Reporting – bad example (generalizing to a wider population)

“Based on this 3D scatterplot, more students are for rather than against school funding going toward new gym equipment, with ages, times leaving the gym, and student status varying throuhgout our sample to account for differences between studens. It seems that on-campus students are in favor of school funding going toward new gym equipment.”

Supporting data (cont.)

This plot shows the ages of participants as categories. We can see that there is less of an obvious visual trend between participant age and partipant opinon and time of gym exit and participant opinion. Keep in mind that this data was created by me to illustrate an example!

Behind the scenes: R code

Here is the code behind the last graph you saw, which was a ggplot2 plot created in R:

category_age <- factor(gym_data$Age)
category_opinion <- factor(gym_data$For_Equipment_Funding)
x_axis_ticks = c("No", "Yes")
g <- ggplot(gym_data, aes(category_opinion, Time_leaving))
g + geom_point(aes(color = category_age)) +
scale_color_manual(values = c("red", "pink", "green", "blue", "cyan",
"purple", "orange", "black", "yellow", "darkgreen", "cyan4")) +
scale_x_discrete(labels = x_axis_ticks) + 
labs(x = "Opinion on using funding for new equipment", y = 
"Time exiting gym", color = "Participant Age") + ggtitle("Student 
preference for funding gym equipment -- 
ggplot2 no. 2")

Let’s practice with this data

We can create data from this data! Let’s find the mean age of gym-goers who want funding to go toward new gym equipment.
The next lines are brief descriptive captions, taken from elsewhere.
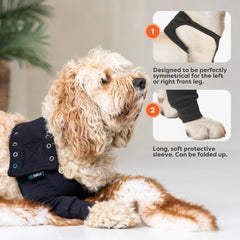 Suitical sleeve protects hotspots on a dog's leg with breathable fabric
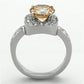 TK1495 - High polished (no plating) Stainless Steel Ring with AAA Grade CZ  in Champagne-2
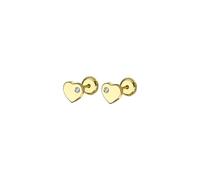 TIME ROAD Ohrringe Mädchen Baby Gold 9K - Ohrstecker Herz 5 mm - Kinderohrringe Gold Schraubverschluss Sicher - 3-24 Monate - Geschenk Taufe Geburt Geburtstag LG00124/5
\(\\\mu = (\sum_{i=1}^{n} X_i)/{n}\)

[1] "mean = 20.2142857142857"

Let’s practice with this data

We can create data from this data! Let’s find the mean time of exit of gym-goers who want funding to go toward new gym equipment.

\(\\\mu = (\sum_{i=1}^{n} X_i)/{n}\)

[1] "mean = 1135.7380952381"

This measure is interesting because it indicates that the dataset is pulled toward lower times; the mean is about 11:46 AM. This could potentially be explained by the notion that people more motivated to go to the gym may go to the gym earlier in the day, and people more motivated to go to the gym would be in support of using school funding to revamp gym equipment.

Thank you!

Thank you for perusing this presentation! Please keep in mind that this is an example data set used to illustrate a point about biased sampling and biased reporting. This was also a chance for me to demonstrate how to create some R plots and how to calculate and possibly interpret mean values. Thank you!